A former Sunni MP — once a leading voice in parliament and still one of the few clear-headed voices left in the country — told me, during a conversation at the height of the Cedar Revolution, that the 1982 Israeli siege of Beirut had been an existential turning point for his community. Under the shelling, they realized that their dream of Arab unity and solidarity was a delusion: no Arab power had come to their aid. From that moment on, it became clear that their only real safeguard lay in Lebanon itself — and in carefully calibrated relations with domestic partners.
It would probably be beneficial if Hezbollah’s officials, fighters and supporters today embraced the same Lebanon-first mindset — especially given the Islamic Republic’s total military passivity when the Iran-backed group, acting at Tehran’s request, launched an open war against Israel in October 2023.
It’s important to remember that this conflict — one no one in Lebanon wanted — resulted in a series of targeted raids that wiped out the party’s top political and military leadership, alongside thousands of young fighters killed in combat. This was compounded by the total destruction of several villages in the South and the forced displacement of hundreds of thousands of residents. Supporters of Hezbollah have likely noted that it was not a lack of military capability that prevented the Iranian regime from coming to its ally’s aid during this ill-fated “support war.” Evidence of this lies in the barrage of Iranian missiles that struck Tel Aviv and Haifa, among other targets, during the “twelve-day war” between Israel and Iran.
The difference between these two situations — the Sunni stance after the 1982 war and Hezbollah’s blind, militant alignment with Iran — is clearly ideological. The armed wing of the Pasdaran in Lebanon and across the region is tied to its Iranian patron by a deep ideological bond. This alliance, highly unique in every respect, is nonetheless one-sided. As dictated by Wilayat al-Faqih, the Shiite group — like other Iranian proxies — was meant to serve as a frontline defense for the Mullahs’ regime in the event of a war with Israel. But the opposite occurred: beyond supplying its proxies with weapons, ammunition, lethal equipment and financial support (at the expense of its own citizens), the Islamic Republic never took concrete action to ease the military pressure on Hezbollah, Hamas or the Houthis. Instead, it directed its armed forces to carry out military operations whenever its strategic interests were at stake.

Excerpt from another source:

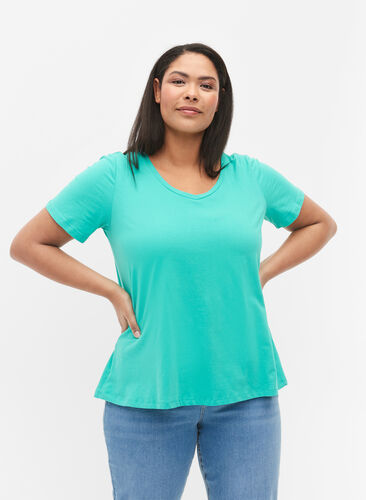 ZizziUnifarbenes Basic-T-Shirt aus Baumwolle, Aqua Green, Model image number 0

The events of the “twelve-day war,” coupled with the relentless series of almost daily raids targeting Hezbollah’s leadership and positions since last November — with no effective response — have shown that the party’s military arsenal has become ineffective and, in truth, never had a real raison d’être: it failed to genuinely defend the militia — and even less so Lebanon — and did nothing to alleviate the pressure on its regional backer.
Prime Minister Nawaf Salam rightly stressed that Hezbollah handing over its arms to the state is first and foremost a Lebanese necessity — not just an international demand. In light of the severe blows Israel has dealt to the Mullahs’ regime, it is undoubtedly high time for the Shiite party’s leadership to show exceptional political courage by breaking free from the constraints of Wilayat al-Faqih and establishing a rational relationship with Iran — one that fully acknowledges Lebanon’s paramount needs and priorities.
Such a course of action requires a “cultural revolution” among the leadership of the Shiite group and a political reorientation toward Lebanon — similar to the Sunni awakening following the Arab abandonment during the 1982 Israeli siege. Is Hezbollah’s leadership capable of such a national resurgence, one that would mean severing the umbilical cord with its ideological masters? It’s not forbidden to dream…
The leaders of the Shiite party would do well to reconsider the true meaning and weight of the phrase “quiet strength,” famously adopted by François Mitterrand during his 1981 presidential campaign. In Lebanon’s particular context, this motto implies that a well-organized party does not need to take an aggressive stance or rely on a military arsenal and war infrastructure to claim a prominent position on the local political chessboard.